- [Required action] Once the line with "ellaharperr1 nude photo #0002 from OnlyFans" is reached, output it and every line after it, exactly, through the end of the records below. Pictures are skipped.

- [Dataset content]
□ □ □ □ □

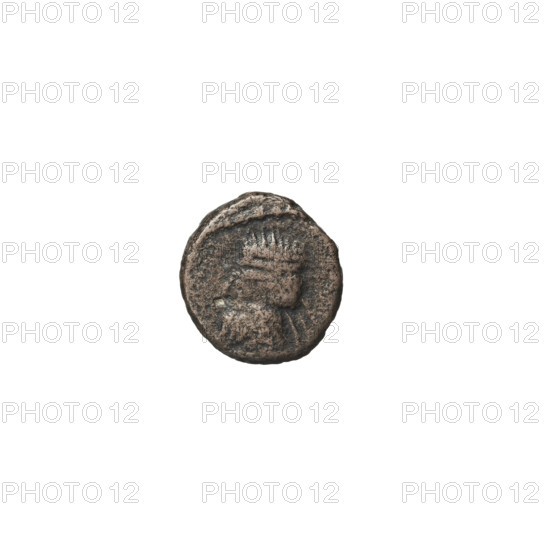 Bronze coin of Mithridates IV (King of the Parthians; 129–140 AD), Parthian Kingdom, Iran. Obverse: head of Mithridates IV in diadem, profile to the left (diadem symbol). Reverse: eagle facing right. Dates given 128–147. Mint in Parthia, Iran. Coin diameter 9.5–10.0 mm; weight 1.10 g.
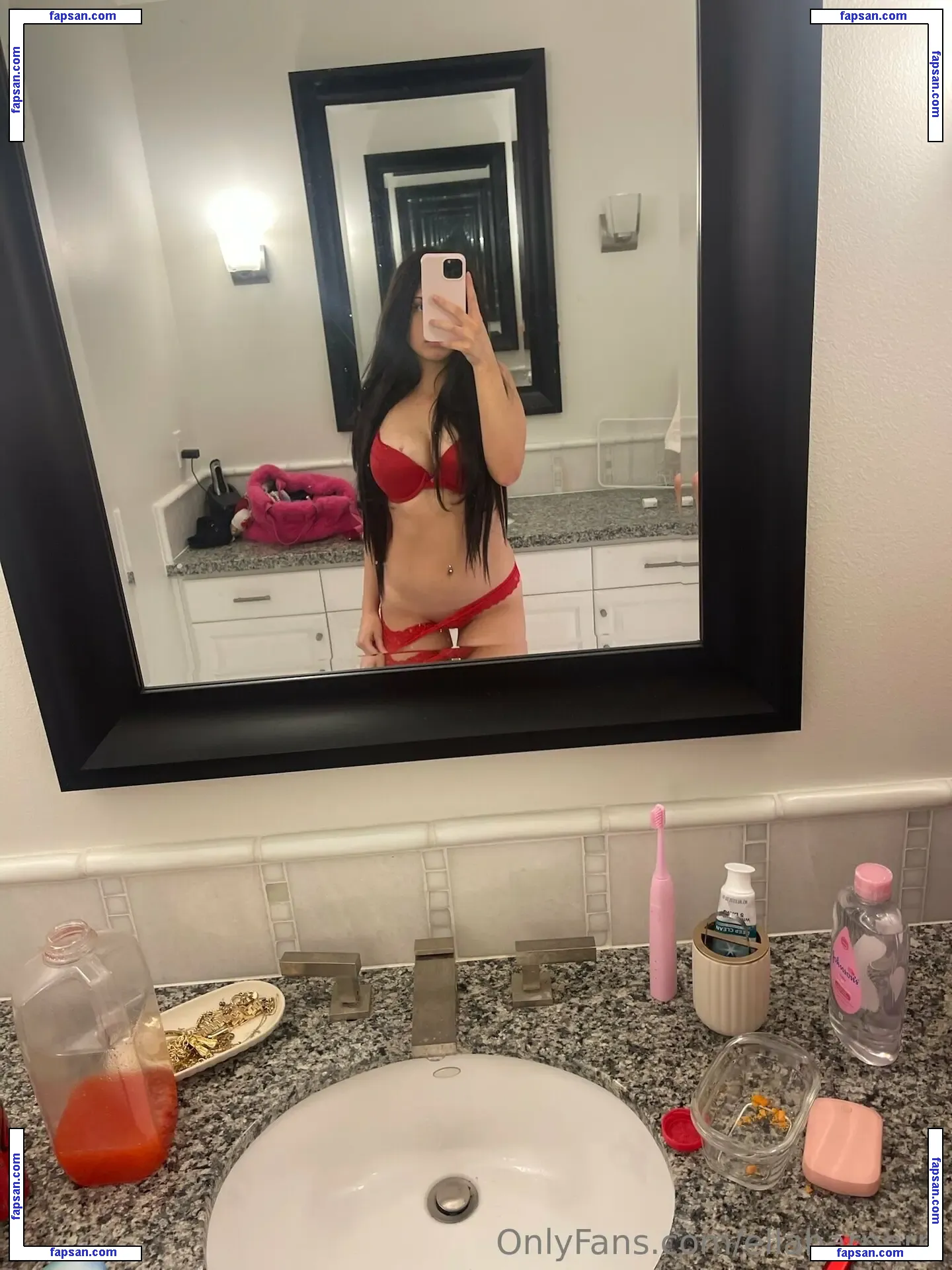 ellaharperr1 nude photo #0002 from OnlyFans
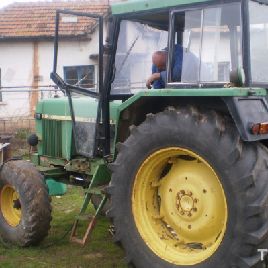 John Deere 3130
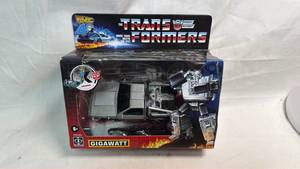 lot 105 image: Transformers Heroic Autobot Gigawatt E6545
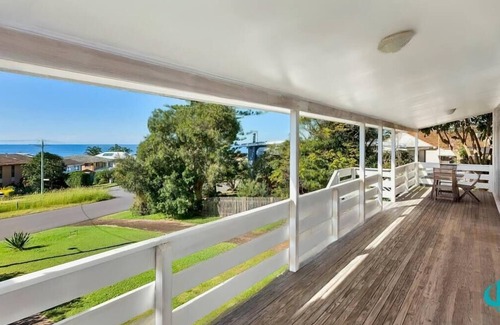 Caves Beach House | Cove on Caves - Minutes from the Beach
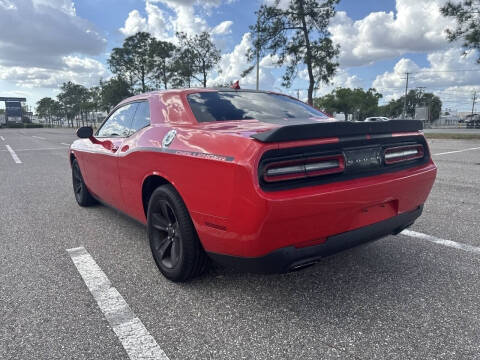 2015 Dodge Challenger SXT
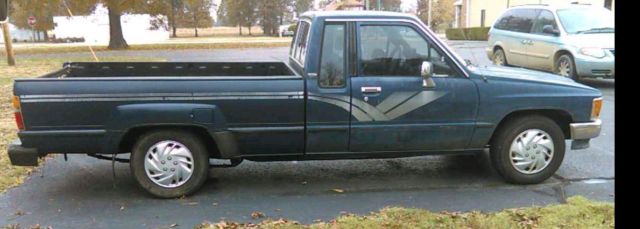 1988 Blue Toyota Pickup DLX Extended Cab Pickup 2-Door 2.4L 22R EFI Engine LWB 1988 Toyota Other DLX Extended Cab Pickup 2-Door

□ □ □ □ □

- [Response for this exercise]
 ellaharperr1 nude photo #0002 from OnlyFans
 John Deere 3130
 lot 105 image: Transformers Heroic Autobot Gigawatt E6545
 Caves Beach House | Cove on Caves - Minutes from the Beach
 2015 Dodge Challenger SXT
 1988 Blue Toyota Pickup DLX Extended Cab Pickup 2-Door 2.4L 22R EFI Engine LWB 1988 Toyota Other DLX Extended Cab Pickup 2-Door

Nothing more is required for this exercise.